2. In revisionsrechtlich nicht zu beanstandender Weise und von der Revision nicht angegriffen hat das Berufungsgericht im Wege der Beweisaufnahme festgestellt, dass zwischen dem Verpächter und dem Beklagten eine wirksame Vereinbarung getroffen worden ist, durch welche die Haftung für die vertraglichen Ansprüche auf das Gesellschaftsvermögen der GbR beschränkt, die persönliche Haftung des Beklagten als Gesellschafter mithin ausgeschlossen wurde. Eine solche Haftungsbeschränkung ist wirksam, wenn sie - wie hier - durch eine mit dem Vertragspartner getroffene individualvertragliche Abrede vereinbart worden ist (vgl. BGH v. 27.9.1999 - II ZR 371/98, BGHZ 142, 315 [319 f.] = MDR, 2000, 94 = GmbHR, 1999, 1134). Die von der Revisionserwiderung gegen die tatsächlichen Feststellungen des Berufungsgerichts gerichtete Gegenrüge hat der Senat geprüft und für nicht durchgreifend erachtet, § 561 Abs. 2 ZPO a. F.

3. Mit Erfolg wendet sich die Revision aber gegen die Auffassung des Berufungsgerichts, die vorgenannte Haftungsbeschränkung des Beklagten sei gegenüber dem Kläger gem. § 57 b ZVG i. V. m. § 574 a. F. BGB; § 1124 Abs. 2 BGB unwirksam.

a) Entgegen der Ansicht des Berufungsgerichts richtet sich die Wirksamkeit von Vorausverfügungen des Vollstreckungsschuldners im Rahmen einer Zwangsverwaltung allein nach den Vorschriften der §§ 1124, 1125 BGB, wenn - wie hier - ein Grundpfandgläubiger die Zwangsvollstreckung betreibt. Dies ergibt sich aus der Vorschrift des § 146 ZVG, der hinsichtlich der Anordnung der Zwangsverwaltung auf die Regelungen der Zwangversteigerung und damit auf die §§ 15 - 27 ZVG verweist (vgl. Steiner/Teufel, ZVG, 9. Aufl., Bd. I, §§ 57 - 57 d Rz. 9; Steiner/Hagemann, ZVG, 9. Aufl., Bd. II, § 146 Rz. 4).

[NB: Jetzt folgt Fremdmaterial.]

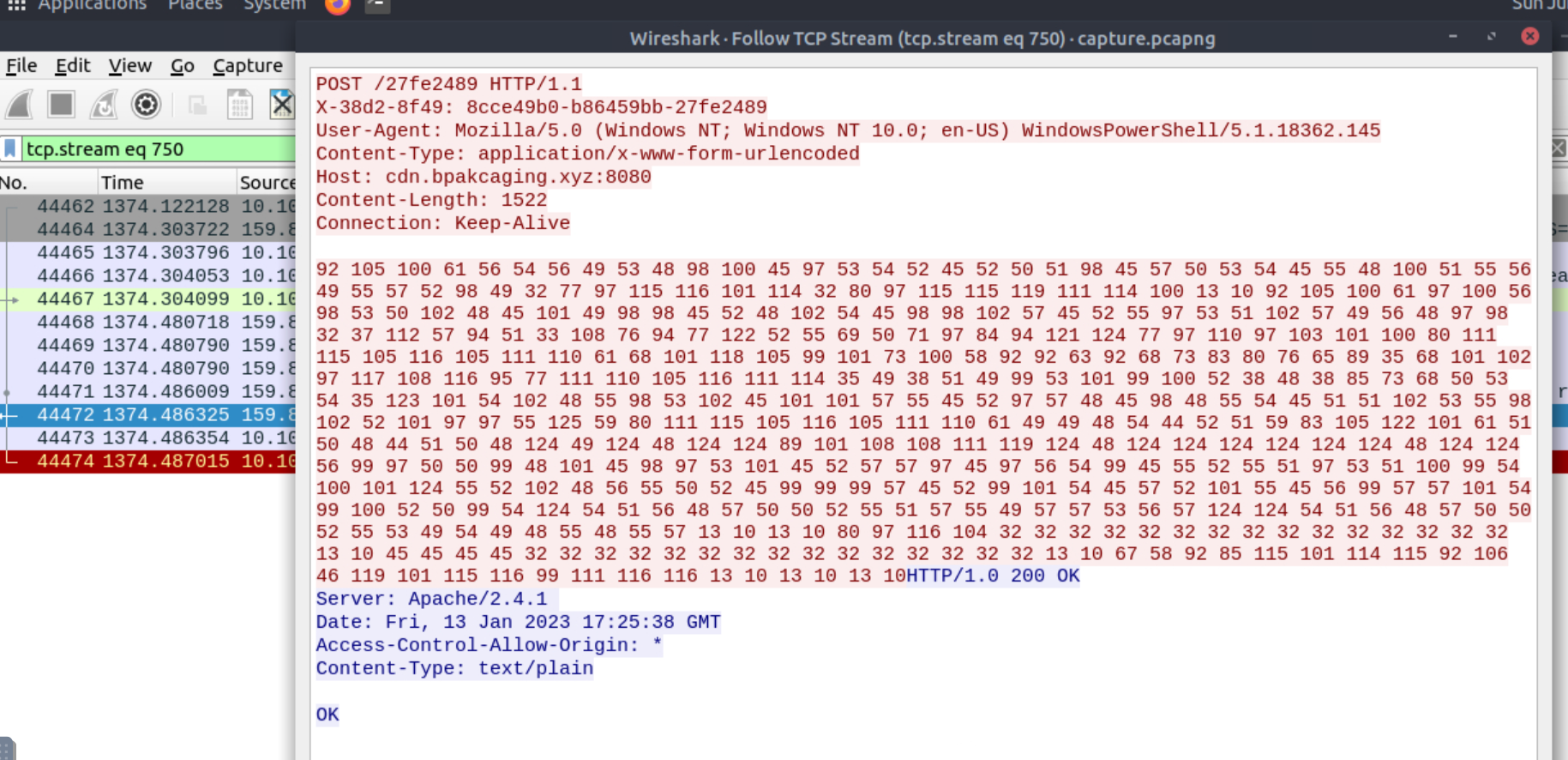 tcp.stream eq 750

Durch diese Verweisung findet auch § 20 Abs. 2 ZVG Anwendung, der zur Bestimmung des Umfangs der Beschlagnahme über das ZVG hinausgreift und seinerseits auf die Vorschriften des materiellen Rechts über den Haftungsumfang bei Grundpfandrechten verweist. Die Beschlagnahme erfasst danach neben dem Grundstück auch alle gem. §§ 1120 ff. BGB dem Haftungsverband zugeordneten Gegenstände. Da die Zwangsverwaltung nach § 148 Abs. 1 ZVG auch die Miet- und Pachtzinsforderungen i. S. v. § 1123 BGB erfasst, richtet sich die Wirksamkeit von Vorausverfügungen des Vollstreckungsschuldners nicht nach den §§ 57, 57 b ZVG, sondern nach den §§ 1124, 1125 BGB (vgl. Steiner/Teufel, ZVG, 9. Aufl., Bd. I, §§ 20 - 21 Rz. 28, 130; Dassler/Muth, ZVG, 12. Aufl., § 20 Rz. 6; Staudinger/Emmerich, BGB, 13. Bearb. 1997, § 573 Rz. 6; Belz in Bub/Treier, Handbuch der Geschäfts- und Wohnraummiete, 3. Aufl., Kap. VII Rz. 148; Emmerich in Emmerich/Sonnenschein, Miete, 7. Aufl., § 573 Rz. 2).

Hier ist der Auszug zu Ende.